» Information provided
________________

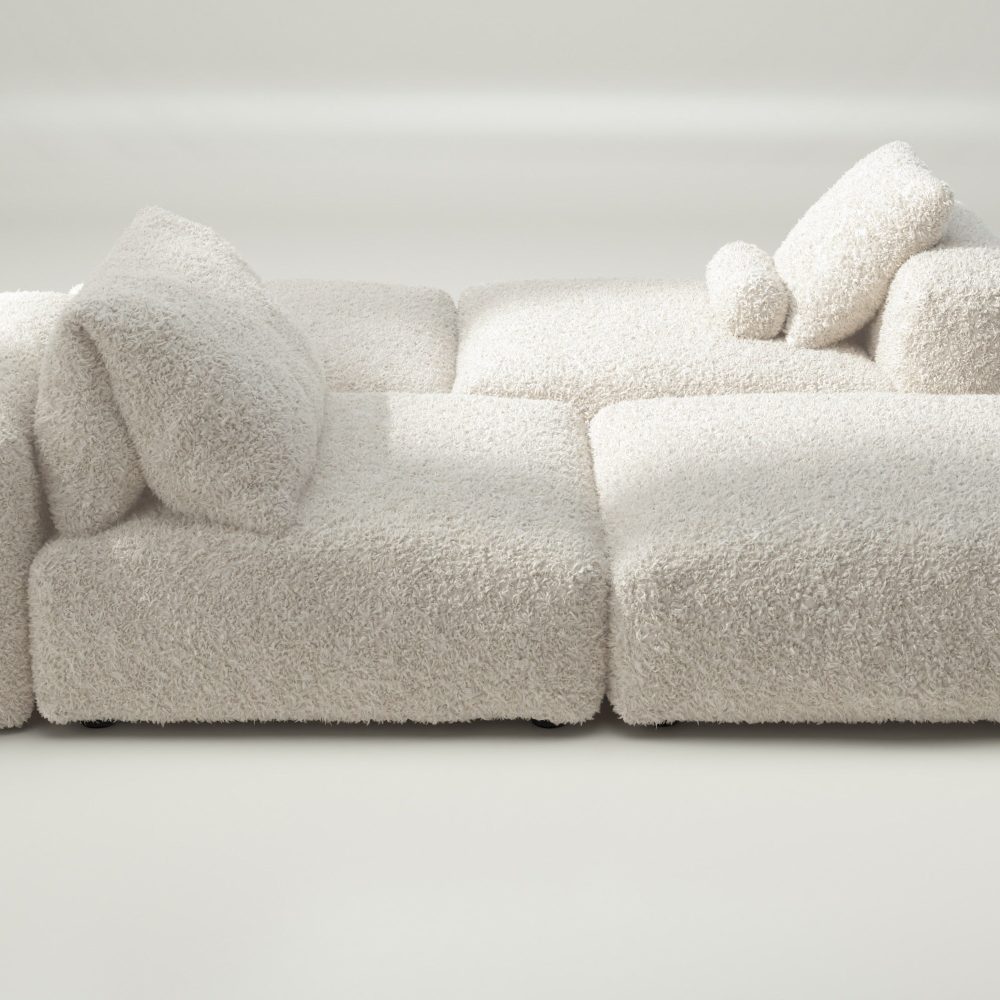 vetsak | Sofa Set 08 - Daybed - doodle - creme | Modular Sofa | 6 Seater | Outdoor Island | Double lounger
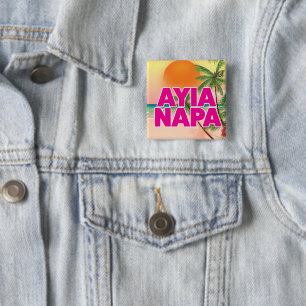Ayia Napa Holiday poster 15 Cm Square Badge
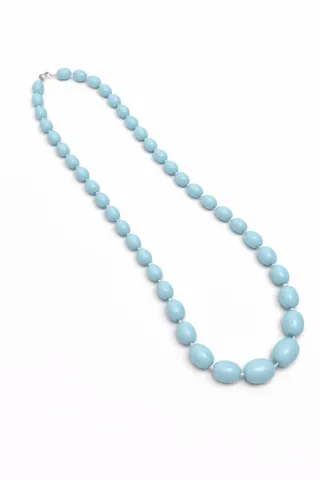 Collana vintage perle celeste pastello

________________

» Exercise brief
Repeat the data above in full and exactly. Omit every image.

» Reply to the task
 vetsak | Sofa Set 08 - Daybed - doodle - creme | Modular Sofa | 6 Seater | Outdoor Island | Double lounger
Ayia Napa Holiday poster 15 Cm Square Badge
 Collana vintage perle celeste pastello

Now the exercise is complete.